After all, Utah became the 36th state to ratify the 21st Amendment, thus ending the 14-year ban on the sale and production of alcohol in the United States.

Why not make more of the irony of which state ended Prohibition?

"You mean Nebraska?" said Burns, who was quickly corrected by his co-director/co-producer, Lynn Novick.

"Utah," she said. "We think it spoke for itself."

"Yeah," agreed author Daniel Okrent (Last Call: The Rise and Fall of Prohibition), who consulted on the documentary. "That shows how unpopular Prohibition was if Utah was the 36th to do it."

Burns, whose previous PBS productions encompass everything from "The Civil War" to "Baseball" to "Jazz," does his usual exceptional job with "Prohibition." At six hours, it's not so long that it's off-putting.

"The conventional image of the Prohibition era is, of course, the rain-slicked Chicago streets around which the Model T is careening, machine guns blasting," Burns said. "Or the flapper who is shimmying in her miniskirt with her bobbed hair. We have a lot of that, and it is very exciting and sexy and violent. But the story that we told also encompassed other things, and indeed our whole first episode details the century of events that led up to Prohibition."

It's a fascinating history that stretches from the birth of the nation to the passage of Prohibition in 1919.

"We were just trying to embrace the phenomenon of how you could go from a country in which the president of the United States, John Adams, was drinking in the morning to a country that could, in a hundred years, ban the sale and manufacture of alcoholic beverages," Burns said.

It's a complicated tale that encompassed rural America vs. big cities, Protestants vs. Catholics and Jews and immigrants vs. natural-born Americans. It was a movement that brought together politicians of wildly different stripes and was a factor in women's suffrage and the adoption of the federal income tax.

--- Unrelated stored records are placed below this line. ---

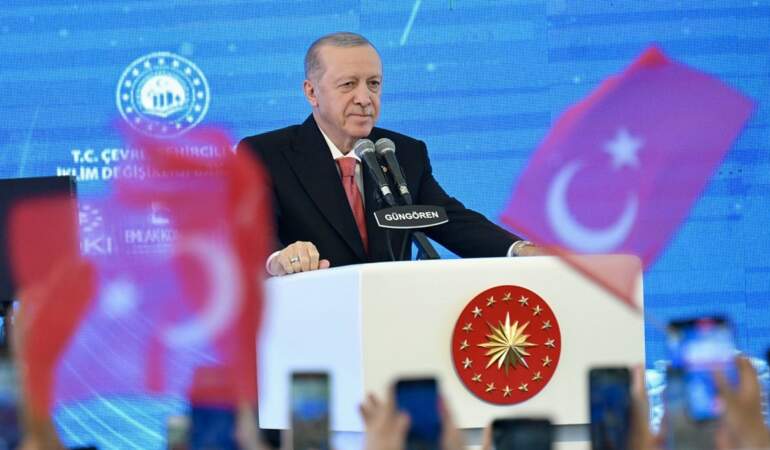 Erdoğan’dan CHP’ye kentsel dönüşüm tepkisi: Rantsal dönüşüm yaftası vurup kötülediler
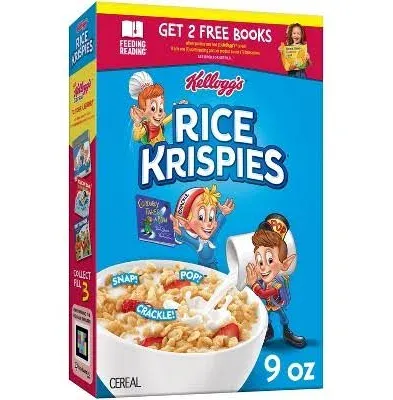 Kellogg's Rice Krispy Breakfast Cereal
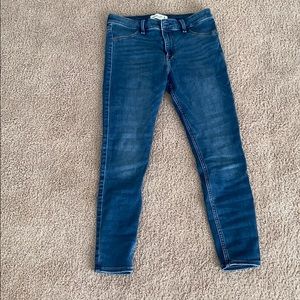 Abercrombie and Fitch jean legging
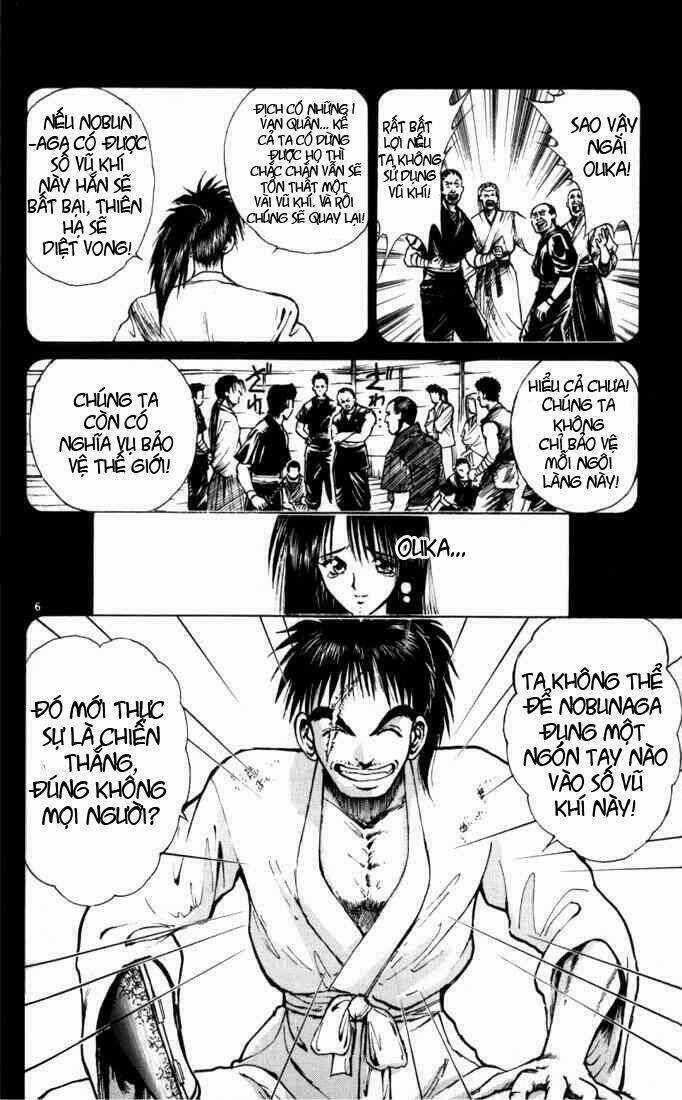 Ngọn Lửa Recca Chapter 39 trang 5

What set in motion the centurylong effort to create an amendment to the Constitution was born out of the noble purpose of stopping the scourge of drunkenness, Burns said. But the unintended consequences of crime and corruption turned Prohibition into an abject failure. Which it was doomed to be from the start.

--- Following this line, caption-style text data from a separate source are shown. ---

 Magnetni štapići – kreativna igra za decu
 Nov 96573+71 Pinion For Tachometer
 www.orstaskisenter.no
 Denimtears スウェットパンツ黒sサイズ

"The law used to enforce the [19th] Amendment, the Volstead Act, was in so many ways draconian that almost immediately you found people who had supported it, now not supporting it," Burns said. "And if you have porous borders north and south and a coastline of thousands and thousands of miles that permit the smuggling of [alcohol], you are going to have a sort of absolute ignoring of the law and all of the attendant consequences of that."

And it's hard to ban something anyone can make at home.

"It's really easy to make alcohol," Novick said. "It's a natural process, fermentation. So even if you were to seal the borders, you still have sugar, you still have apples, you still have barley, whatever. So practically speaking, it would actually be impossible to eliminate alcohol."

Three-part documentary

KUED-Ch. 7 airs "Prohibition" on three consecutive nights at 8 and 11 p.m.

"A Nation of Drunkards" (Sunday, Oct. 2) • Beginning in the mid-1800s, alcohol abuse is wreaking havoc on American families, and groups form to push for Prohibition.

"A Nation of Scofflaws" (Monday, Oct. 3) • In 1920, Prohibition goes into effect, and millions of law-abiding Americans become lawbreakers overnight.

"A Nation of Hypocrites" (Tuesday, Oct. 4) • Gangsters make huge profits and wreak havoc. By the late 1920s, many Americans believe that Prohibition has failed.